Tue Jul 14 23:23:43 EDT 2015

В Wed, 15 Jul 2015 00:31:45 +0100
alex austin <alexixalex at gmail.com> пишет:

> Unfortunately I have nothing yet ...
> 
> There's something I don't quite understand though. What's the role of
> stonith if the other machine crashes unexpectedly and totally unclean? Is
> it to reboot the machine and recreate the cluster, thus making the drbd
> volume available again? or is it other?
> 

The role of stonith is to ensure known "offline" state of unclean node,
so that other nodes can start resources that were previously active on
unclean node. Without stonith remaining nodes cannot decide whether
unclean node is no more functional or whether it is simply
communication channel between nodes. 

> The way I see it, even if stonith is functional the other node's drbd
> filesystem will not be acessible until the crashed node is back up, is this
> correct?
> 

No, that is something in your configuration.

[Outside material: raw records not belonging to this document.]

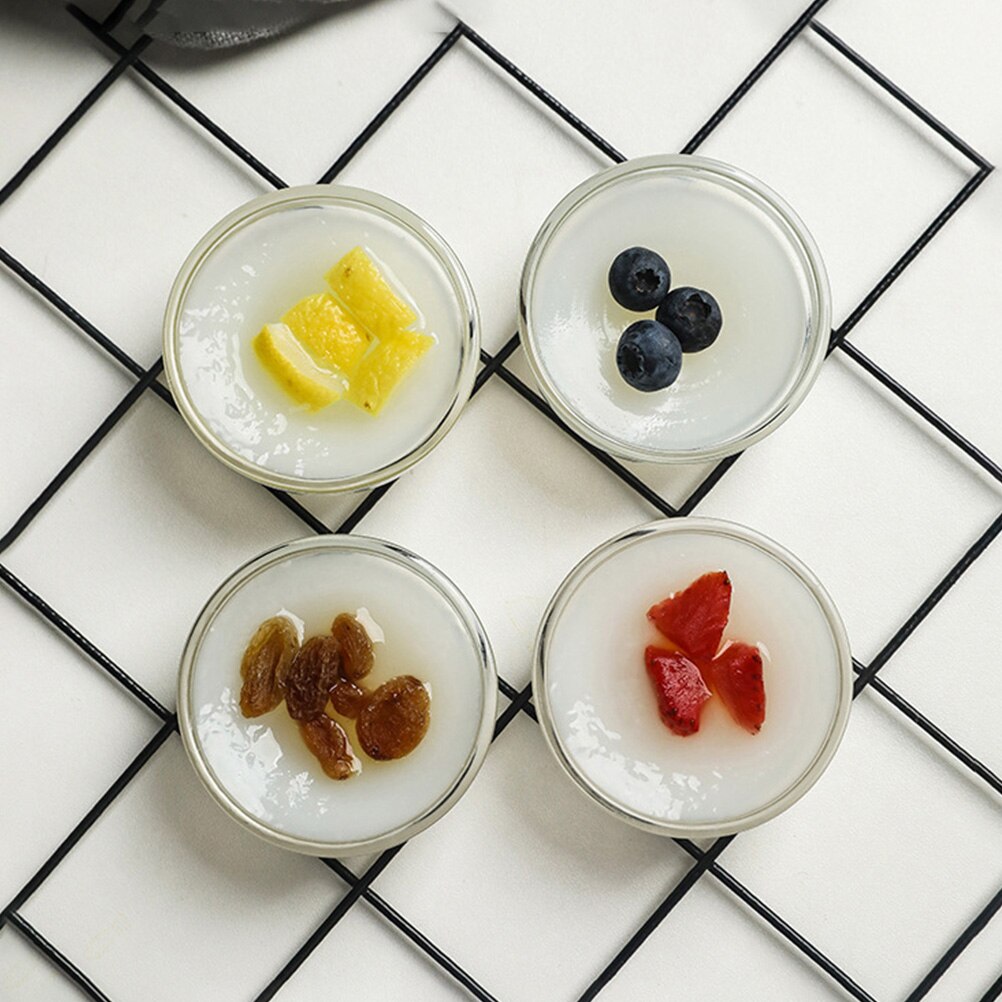 12Pcs Lead-free Glass Material Bowls Pudding Jelly Glass Bowls Cake Molds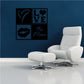 Square Valentine decal: heart, LOVE, kiss icon, and Be Mine text on dark blue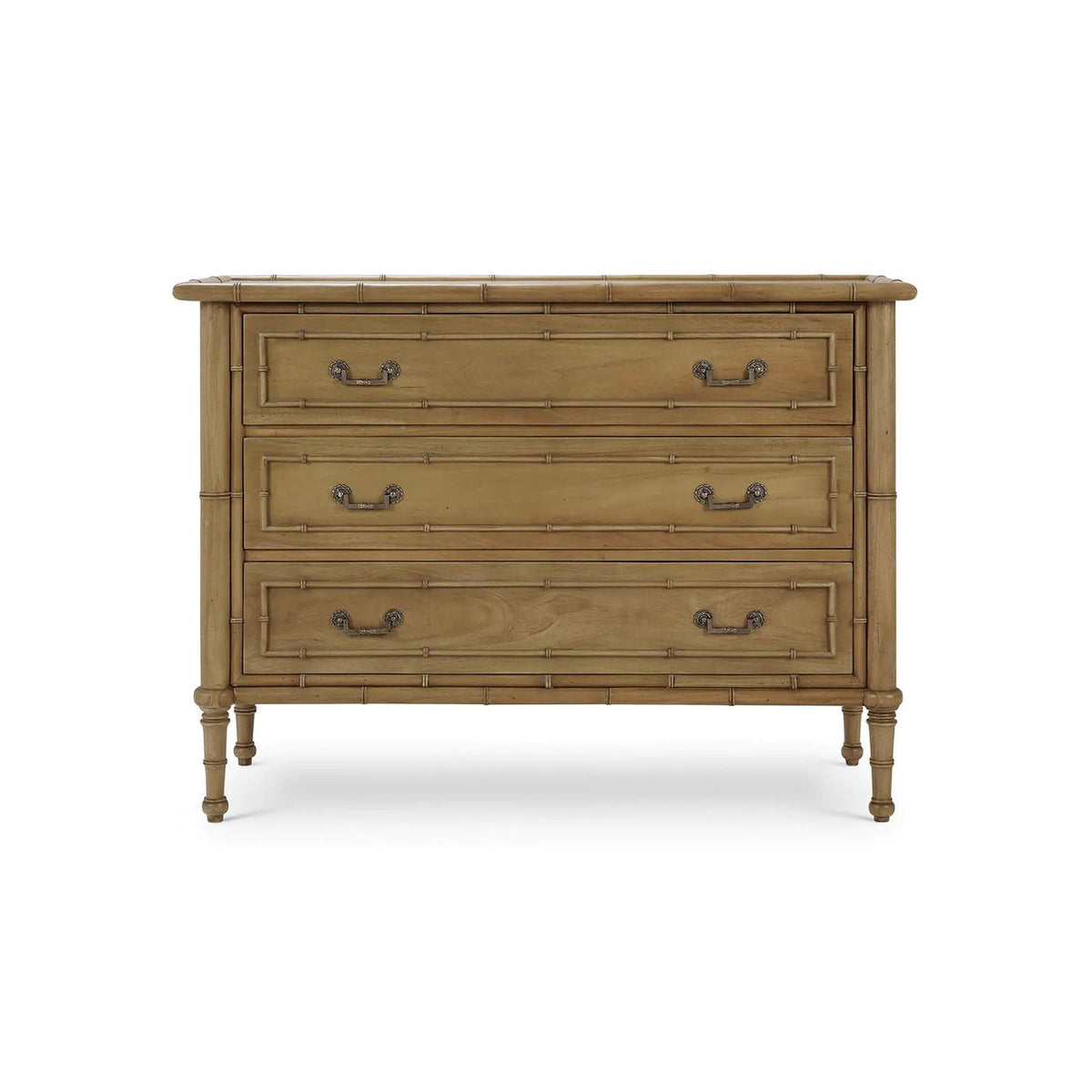Faux Bamboo Three Drawer Chest - English Georgian America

Unfortunately I do not
have experience specifically with DRBD so cannot comment. But in
general once other node knows that crashed node is definitely down it
should allow full read-write access to local DRBD copy.

I'm not sure what "other's node drbd filesystem" means here though ...
DRBD is replicated by definition and does not belong to one or another
node. It has two replicas, and each replica is physically owned by one
node; nodes coordinate and replicate updates of local copy to copy on
its partner.